American Body Armor was sold in 1985 and eventually became part of BAE Systems. The next year, Armellino moved to California and launched U.S. Armor with one employee in a 4,000-square-foot space in a strip mall.
“It’s what I knew,” he said. “I realized that what I knew about the business was different from everybody else.”
The early days were difficult.
“We sold during the daytime and cut the material at night. I sewed when I had to also,” Armellino said. “The dealers and distributors really didn’t want to work with me because they already had relationships with other manufacturers, including my father’s old company.”
To survive, Armellino went directly to the public safety agencies. Often the pitches went like this: “Give me the guy that hates wearing body armor.
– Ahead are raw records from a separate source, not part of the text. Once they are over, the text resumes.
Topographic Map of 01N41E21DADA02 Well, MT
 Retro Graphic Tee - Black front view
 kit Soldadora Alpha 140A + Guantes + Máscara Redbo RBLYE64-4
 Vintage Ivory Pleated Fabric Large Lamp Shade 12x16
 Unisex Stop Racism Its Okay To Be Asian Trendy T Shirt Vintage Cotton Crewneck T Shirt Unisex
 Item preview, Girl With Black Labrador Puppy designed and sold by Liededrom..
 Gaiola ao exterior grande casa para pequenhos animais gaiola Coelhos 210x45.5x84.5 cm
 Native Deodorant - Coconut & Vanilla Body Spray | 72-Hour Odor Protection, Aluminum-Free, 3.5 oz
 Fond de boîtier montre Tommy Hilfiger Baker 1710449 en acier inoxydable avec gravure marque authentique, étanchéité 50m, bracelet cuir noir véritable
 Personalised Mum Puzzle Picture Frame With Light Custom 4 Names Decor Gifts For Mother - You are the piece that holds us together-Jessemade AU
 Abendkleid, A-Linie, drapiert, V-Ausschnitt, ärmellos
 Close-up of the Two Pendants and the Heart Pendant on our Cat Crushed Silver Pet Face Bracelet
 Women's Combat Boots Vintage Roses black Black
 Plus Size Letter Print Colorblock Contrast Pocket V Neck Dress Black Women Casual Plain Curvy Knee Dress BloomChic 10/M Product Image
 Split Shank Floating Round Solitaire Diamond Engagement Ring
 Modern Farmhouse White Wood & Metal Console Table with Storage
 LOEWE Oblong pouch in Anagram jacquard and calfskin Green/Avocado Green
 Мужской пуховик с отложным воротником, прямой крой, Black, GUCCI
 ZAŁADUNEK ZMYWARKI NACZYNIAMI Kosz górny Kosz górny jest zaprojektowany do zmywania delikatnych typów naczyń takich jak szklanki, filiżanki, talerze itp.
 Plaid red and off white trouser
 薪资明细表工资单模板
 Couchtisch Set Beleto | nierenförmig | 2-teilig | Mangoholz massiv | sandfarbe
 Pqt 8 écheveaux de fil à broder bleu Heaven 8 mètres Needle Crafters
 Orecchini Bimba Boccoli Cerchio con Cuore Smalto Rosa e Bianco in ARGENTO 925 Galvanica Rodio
Let me make a vest for him. We’ll knock it out in like a week,” Armellino said.
“I’d get it back to them, show their guys how to wear it,” he said. “I would tell them, ‘Look, even if you don’t buy my product, you really need to educate your people. This is how to wear your body armor properly.’”
It worked. In an era of U.S. military withdrawals, many competitors are scrambling even harder for business, Armellino said, and the direct approach still resonates. So, too, does the company’s mantra: that every vest should fit as well as a tailored dress suit.
Company sales have continued to range between $8 million and $12 million, and did so even during the recession. That’s partly because international sales are increasing, the Armellinos said. U.S. Armor has picked up more than 2,800 new customers in the last five years, which has more than made up for losses.
The vests come in hundreds of variations of basic sizes _ often customized for the wearer _ and cost from $500 for a concealable vest to just under $3,000 for a fully outfitted, heavy-duty tactical vest.